Leaders have a choice
So is the answer for consumers to hit the gym and eat carrot sticks all day? Not at all, because as Romero and Craig point out, "marketers long have used slender models, forms and designs to promote economic and social benefits". In other words, companies have known for a long time what thin images do to people. They often manipulate the psychology on purpose. Any business leader has to acknowledge this existing ethical dilemma and draw a line in the sand about whether they're going to continue to play the system.
But consumers can take a stand
Being aware of how businesses use weight against consumers is the first step in shoppers protecting themselves and their money. To counter marketing efforts, consumers might
- Adopt a waiting period rule (e.g., avoid impulse buys by putting off the purchase for a day).
- Ask themselves what they actually are buying for a higher price when two products are similar.

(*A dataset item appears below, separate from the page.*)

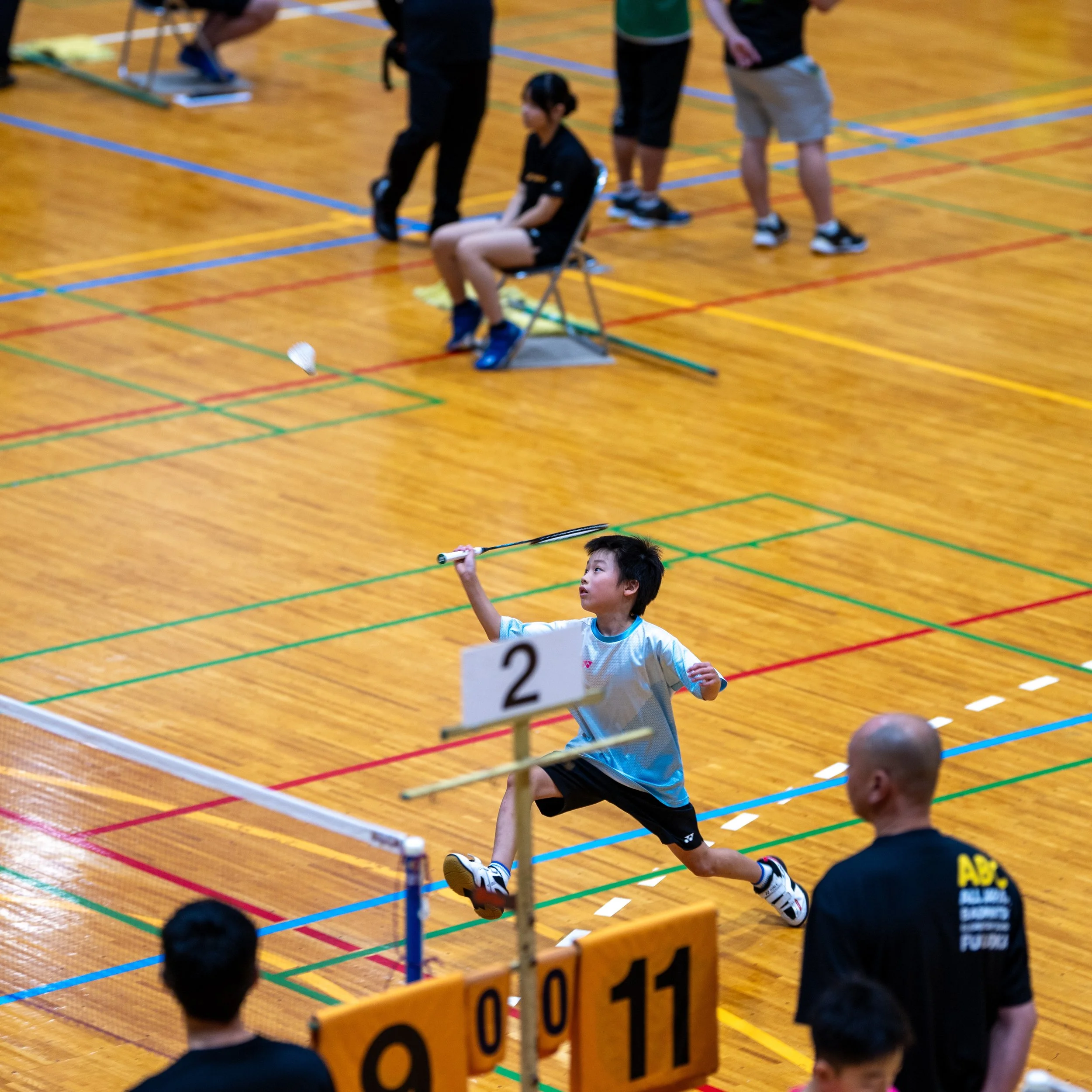 BC鶴岡公式HP journal更新 アイオイカップ2026 https://www.bc-tsuruoka.com/journal/aioicup2026 #bc鶴岡 #鶴岡六学区バドミントンスポーツ少年団 #農業生産法人株式会社アイオイ #新庄市体育館 #からあげ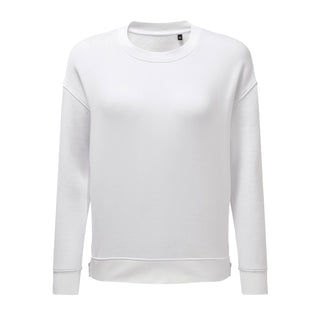 Buy white Women&#39;s Recycled Chill Zip Sweatshirt - TR600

- Voice concerns, experiences and feelings on social media (e.g., company and personal Facebook pages, Twitter, etc.)
- Come up with a written definition for success that does not include weight and keep it with their credit cards.
- Keep a list of achievements to review when tempted to spend.
- Find a financial planner--or even a budget buddy--who can keep them accountable for cash outflow.
Blurring the line, business leaders are consumers, too
Team leaders, managers and CEOs who struggle with weight aren't necessarily going to see themselves through rose-colored glasses just because of their positions. Given Romero and Craig's findings, some curvier professionals who connect their sense of identity to their businesses might be tempted to take more risks with their businesses' finances, going over budget to give the impression of success and power. Alternately, they might shy away from being involved in the heart of the company's finances because of feelings of incompetence, denying themselves a real understanding of how to make the business thrive. In this regard, the same strategies that help mainstream consumers keep control--for instance, waiting briefly before making a buy--might also be useful for businesspeople.
In an ideal world, success would be measured based on the good you have done with your life, not based on your clothing size or the money you have in the bank. Clearly, we are not there yet. But the more intolerance we offer to these kinds of manipulations, the closer we come. Whether you're a consumer or business leader or both, be proactive and set limits for how others can treat you. Any time anyone unintentionally or purposely makes you feel "less than", it's time to close your wallet, not open it up.